With the components you chose I'm kind of surprised you went with Stages rather than SRM.


----------



## frisbie17 (Jan 17, 2012)

MMsRepBike said:


> why buy aero bars and then wrap them beyond their intended point?
> doesn't that defeat the whole purpose?
> 
> I'm guessing you're younger? With the stickers and such all over.
> your custom or whatever Trek stickers aren't the right size, they look odd.



You're guessing wrong. I am 41. But thanks for your feedback. 

No... The bars work great. Extremely comfortable riding for long rides at any position. Not too concerned about the Aero impacts of the bar tape.


----------



## frisbie17 (Jan 17, 2012)

ibericb said:


> Very impressive. Looks really cool too.
> 
> With the components you chose I'm kind of surprised you went with Stages rather than SRM.
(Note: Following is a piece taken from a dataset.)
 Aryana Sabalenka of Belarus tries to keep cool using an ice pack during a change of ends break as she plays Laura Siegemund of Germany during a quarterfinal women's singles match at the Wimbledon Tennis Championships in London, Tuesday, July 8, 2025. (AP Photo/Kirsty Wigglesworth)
Stages is the lightest Power meter on the market. Also very consistent. That is one of the reasons Team Sky is running it. This is my second one. I also had the 7900 with Stages perviously.


----------



## ibericb (Oct 28, 2014)

frisbie17 said:


> Stages is the lightest Power meter on the market. Also very consistent. That is one of the reasons Team Sky is running it. This is my second one. I also had the 7900 with Stages perviously.


How much weight does the SRM versions add over the Stages?

I doubt weight is the deciding factor for anyone in the Pro Peleton, since their primary concern these days is staying above the UCI minimum. As far as teams, SRM is the choice of Astana, Tinkoff, Trek, ... As best can judge, SRM has the stronger following, if sponsored teams are any indication (which I doubt).


----------



## frisbie17 (Jan 17, 2012)

ibericb said:


> How much weight does the SRM versions add over the Stages?
> 
> I doubt weight is the deciding factor for anyone in the Pro Peleton, since their primary concern these days is staying above the UCI minimum. As far as teams, SRM is the choice of Astana, Tinkoff, Trek, ... As best can judge, SRM has the stronger following, if sponsored teams are any indication (which I doubt).


This has been discussed in other threads. No need to discuss here. Ride what makes you happy and works for you. I prefer stages but there are many options out there for power. Happy cycling.


----------



## ibericb (Oct 28, 2014)

frisbie17 said:


> Let me know your thoughts of my build..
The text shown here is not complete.